The Honda 0 SUV follows a design inspired by the Space-Hub concept model. It features a boxy exterior with elements influenced by vehicles from the 1970s and 1980s. The SUV is built on Honda's dedicated EV platform, incorporating a thinner battery design. The interior is designed to maximize space and visibility.

== Technology ==
The vehicle includes an integrated operating system called ASIMO OS, which provides personalized driving experiences. It is also equipped with Level 3 automated driving capabilities, which allow limited hands-free operation under specific conditions. The vehicle's computing system is developed in collaboration with Renesas Electronics Corporation.

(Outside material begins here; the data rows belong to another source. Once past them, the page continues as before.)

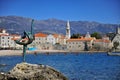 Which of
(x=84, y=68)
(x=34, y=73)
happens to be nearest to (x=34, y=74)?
(x=34, y=73)

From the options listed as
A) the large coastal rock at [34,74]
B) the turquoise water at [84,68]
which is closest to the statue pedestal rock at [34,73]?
the large coastal rock at [34,74]

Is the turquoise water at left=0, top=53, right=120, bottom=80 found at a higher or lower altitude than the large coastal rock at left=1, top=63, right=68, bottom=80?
A: lower

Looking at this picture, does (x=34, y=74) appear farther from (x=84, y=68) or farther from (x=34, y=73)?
(x=84, y=68)

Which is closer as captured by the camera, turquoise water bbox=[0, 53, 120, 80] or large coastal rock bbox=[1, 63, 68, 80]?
large coastal rock bbox=[1, 63, 68, 80]

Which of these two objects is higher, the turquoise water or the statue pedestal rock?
the statue pedestal rock

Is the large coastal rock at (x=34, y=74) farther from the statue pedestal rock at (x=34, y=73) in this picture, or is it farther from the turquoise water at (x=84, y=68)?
the turquoise water at (x=84, y=68)

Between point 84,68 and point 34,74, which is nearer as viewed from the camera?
point 34,74

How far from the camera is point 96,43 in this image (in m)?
103

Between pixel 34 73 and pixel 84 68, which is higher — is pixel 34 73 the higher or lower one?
the higher one

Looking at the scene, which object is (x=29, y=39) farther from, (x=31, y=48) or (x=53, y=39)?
(x=53, y=39)

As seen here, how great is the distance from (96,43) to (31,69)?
3706 inches

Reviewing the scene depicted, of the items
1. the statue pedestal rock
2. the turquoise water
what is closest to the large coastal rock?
the statue pedestal rock

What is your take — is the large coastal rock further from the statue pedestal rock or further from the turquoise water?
the turquoise water

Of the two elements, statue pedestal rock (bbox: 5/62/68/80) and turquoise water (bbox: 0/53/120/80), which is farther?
turquoise water (bbox: 0/53/120/80) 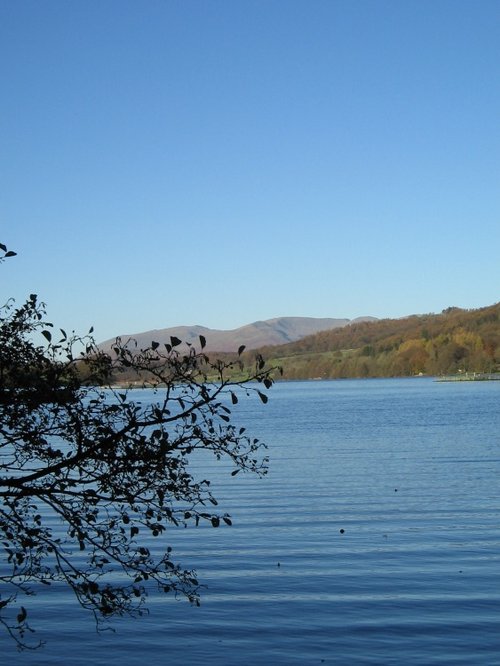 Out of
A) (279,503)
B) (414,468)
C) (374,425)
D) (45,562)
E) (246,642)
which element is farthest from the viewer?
(374,425)

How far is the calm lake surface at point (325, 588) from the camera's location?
1405 cm

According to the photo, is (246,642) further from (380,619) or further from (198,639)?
(380,619)

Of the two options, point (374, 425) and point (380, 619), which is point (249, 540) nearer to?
point (380, 619)

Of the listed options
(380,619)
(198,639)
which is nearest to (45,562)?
(198,639)

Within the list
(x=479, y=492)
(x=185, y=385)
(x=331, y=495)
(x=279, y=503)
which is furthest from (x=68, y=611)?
(x=479, y=492)

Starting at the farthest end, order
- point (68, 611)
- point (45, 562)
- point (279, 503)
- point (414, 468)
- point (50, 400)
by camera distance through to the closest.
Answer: point (414, 468) < point (279, 503) < point (45, 562) < point (68, 611) < point (50, 400)

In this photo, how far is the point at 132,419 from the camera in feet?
23.7

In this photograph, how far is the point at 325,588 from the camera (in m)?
17.5

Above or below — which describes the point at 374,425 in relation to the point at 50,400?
below

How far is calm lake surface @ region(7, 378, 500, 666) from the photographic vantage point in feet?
46.1

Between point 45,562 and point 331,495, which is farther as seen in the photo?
point 331,495

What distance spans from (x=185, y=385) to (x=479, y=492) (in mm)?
25830

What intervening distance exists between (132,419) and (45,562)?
14.5 m

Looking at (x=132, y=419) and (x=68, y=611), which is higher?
(x=132, y=419) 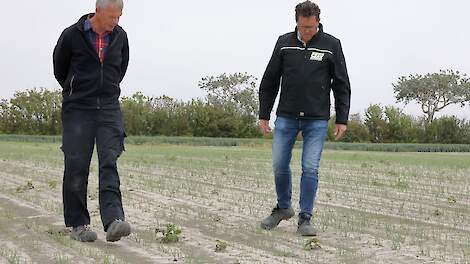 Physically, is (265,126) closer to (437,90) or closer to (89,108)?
(89,108)

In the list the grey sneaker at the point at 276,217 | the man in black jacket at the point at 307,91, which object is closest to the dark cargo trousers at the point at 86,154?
the grey sneaker at the point at 276,217

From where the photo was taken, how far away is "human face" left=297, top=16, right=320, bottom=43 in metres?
5.79

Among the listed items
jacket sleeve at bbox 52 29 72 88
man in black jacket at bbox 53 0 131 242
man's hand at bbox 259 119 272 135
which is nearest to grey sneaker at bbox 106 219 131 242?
man in black jacket at bbox 53 0 131 242

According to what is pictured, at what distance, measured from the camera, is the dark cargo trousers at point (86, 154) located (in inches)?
209

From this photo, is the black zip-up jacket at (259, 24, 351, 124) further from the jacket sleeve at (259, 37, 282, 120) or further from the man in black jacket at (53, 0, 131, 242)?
the man in black jacket at (53, 0, 131, 242)

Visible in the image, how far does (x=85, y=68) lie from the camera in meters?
5.39

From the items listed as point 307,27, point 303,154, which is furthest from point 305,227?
point 307,27

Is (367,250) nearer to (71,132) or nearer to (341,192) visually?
(71,132)

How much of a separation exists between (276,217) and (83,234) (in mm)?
1741

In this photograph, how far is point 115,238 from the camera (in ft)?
16.5

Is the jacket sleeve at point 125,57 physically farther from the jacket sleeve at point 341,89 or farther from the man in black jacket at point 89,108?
the jacket sleeve at point 341,89

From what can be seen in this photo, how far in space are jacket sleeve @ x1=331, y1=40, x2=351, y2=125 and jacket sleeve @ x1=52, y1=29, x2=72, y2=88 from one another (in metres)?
2.26

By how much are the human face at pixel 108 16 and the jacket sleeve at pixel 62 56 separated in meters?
0.33

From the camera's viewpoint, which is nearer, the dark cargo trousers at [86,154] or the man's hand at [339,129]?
the dark cargo trousers at [86,154] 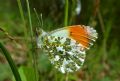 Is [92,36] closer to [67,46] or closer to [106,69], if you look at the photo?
[67,46]

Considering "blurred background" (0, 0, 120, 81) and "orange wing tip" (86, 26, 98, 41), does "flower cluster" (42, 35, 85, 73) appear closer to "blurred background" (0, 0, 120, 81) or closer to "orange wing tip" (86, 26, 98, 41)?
"orange wing tip" (86, 26, 98, 41)

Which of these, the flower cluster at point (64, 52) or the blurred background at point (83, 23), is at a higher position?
the blurred background at point (83, 23)

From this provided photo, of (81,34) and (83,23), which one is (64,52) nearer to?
(81,34)

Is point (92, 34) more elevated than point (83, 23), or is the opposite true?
point (83, 23)

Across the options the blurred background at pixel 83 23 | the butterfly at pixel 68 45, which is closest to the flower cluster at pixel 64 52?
the butterfly at pixel 68 45

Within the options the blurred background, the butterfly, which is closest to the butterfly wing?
the butterfly

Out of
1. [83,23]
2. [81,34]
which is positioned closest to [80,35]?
[81,34]

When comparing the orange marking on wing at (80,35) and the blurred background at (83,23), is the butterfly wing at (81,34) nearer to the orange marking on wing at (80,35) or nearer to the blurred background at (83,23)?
the orange marking on wing at (80,35)

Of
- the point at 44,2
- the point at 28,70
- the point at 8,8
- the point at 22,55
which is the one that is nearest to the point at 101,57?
the point at 22,55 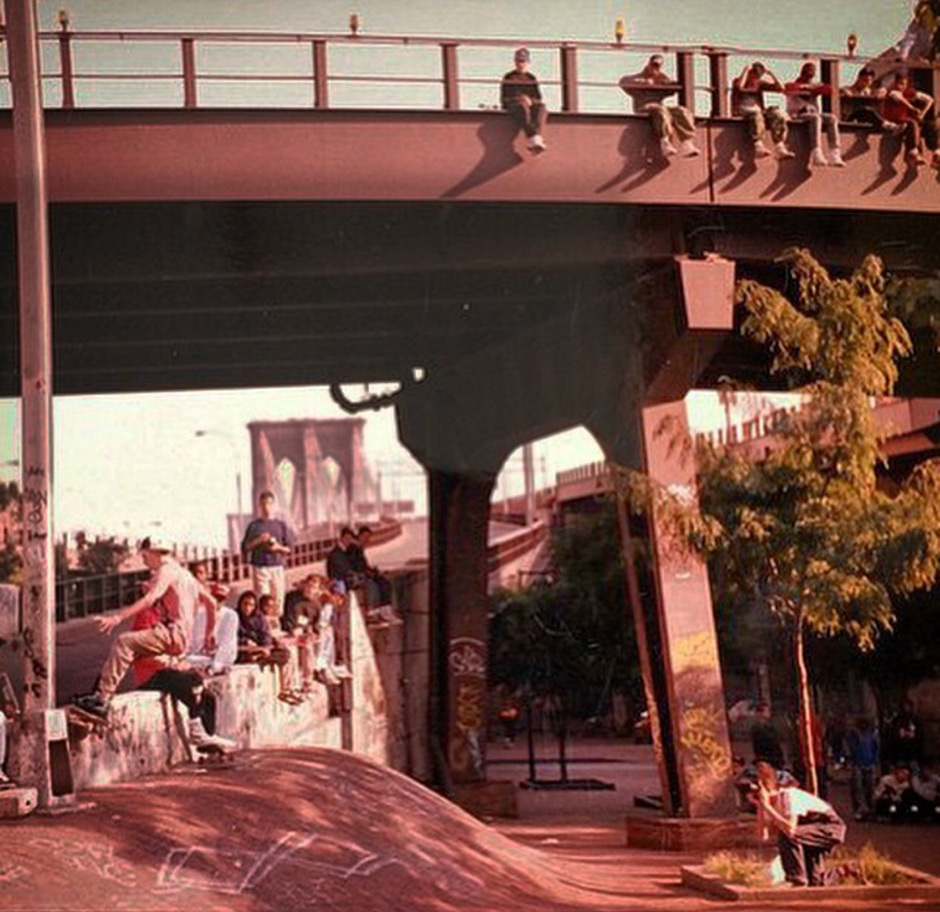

== Performance and range ==
The Honda 0 SUV was expected to be available in single and dual-motor configurations. The single-motor version may have delivered approximately 241 horsepower, while the dual-motor, all-wheel-drive version could have provided up to 480 horsepower. The estimated battery capacity is between 80kWh and 90kWh, offering a projected range of around 300 miles per charge.

== Market availability ==
The production version of the Honda 0 SUV was planned for release in North America in 2026, followed by Japan and Europe. Pricing details were not officially announced.

In March 2026, Honda cancelled the 0 SUV, along with the 0 Saloon and Acura RSX due to "the unfavorable impact of changes in U.S. tariff policies" and competitive pressures leading to Honda being "unable to deliver products that offer value for money better than that of newer EV manufacturers".